* Task
What is needed here is an exact repetition of the records below, beginning at the line that has "Classic German Sports" and stopping after the line that has "Lalia Home 21in".

* Provided information
★ ★ ★ ★

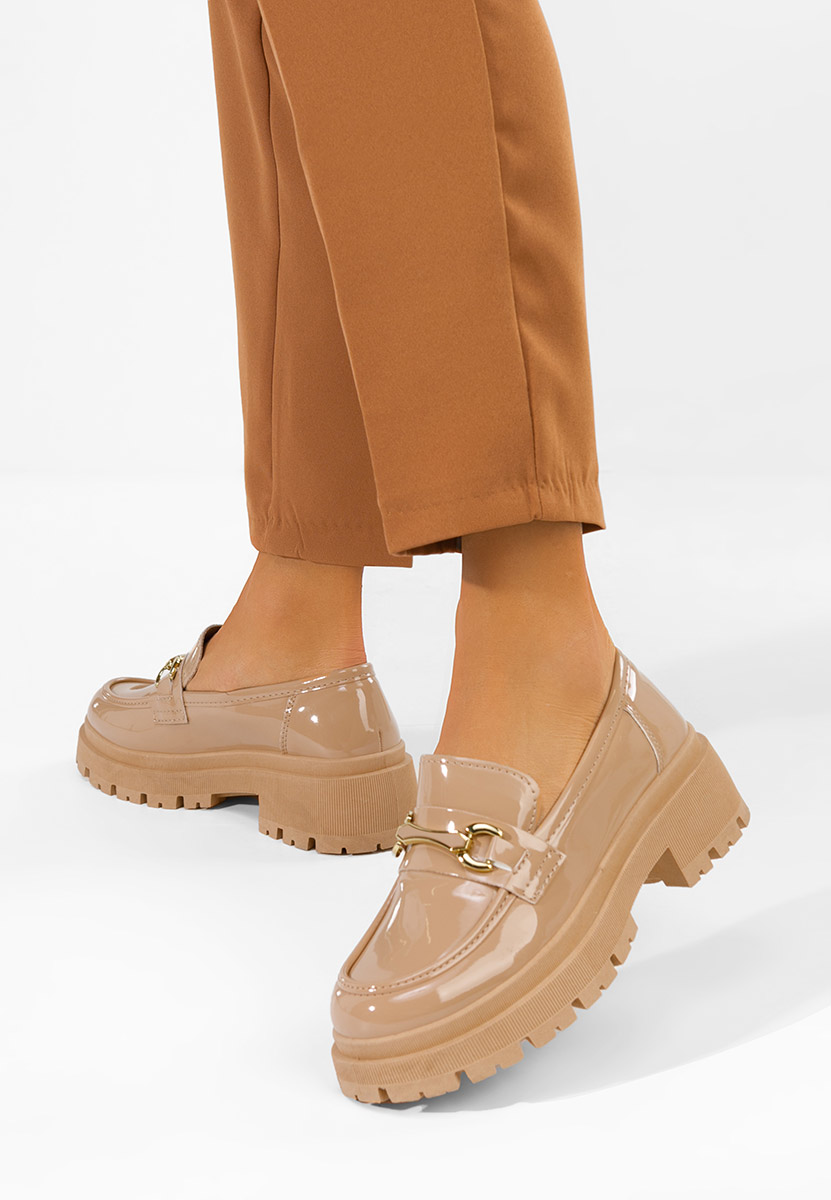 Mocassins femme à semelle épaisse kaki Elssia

★ ★ ★ ★

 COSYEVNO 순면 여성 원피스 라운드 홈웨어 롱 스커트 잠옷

★ ★ ★ ★

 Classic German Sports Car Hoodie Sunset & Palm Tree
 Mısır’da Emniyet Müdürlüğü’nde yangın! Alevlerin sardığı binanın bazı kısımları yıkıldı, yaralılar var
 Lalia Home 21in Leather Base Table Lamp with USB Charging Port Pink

★ ★ ★ ★

* Exercise answer
 Classic German Sports Car Hoodie Sunset & Palm Tree
 Mısır’da Emniyet Müdürlüğü’nde yangın! Alevlerin sardığı binanın bazı kısımları yıkıldı, yaralılar var
 Lalia Home 21in Leather Base Table Lamp with USB Charging Port Pink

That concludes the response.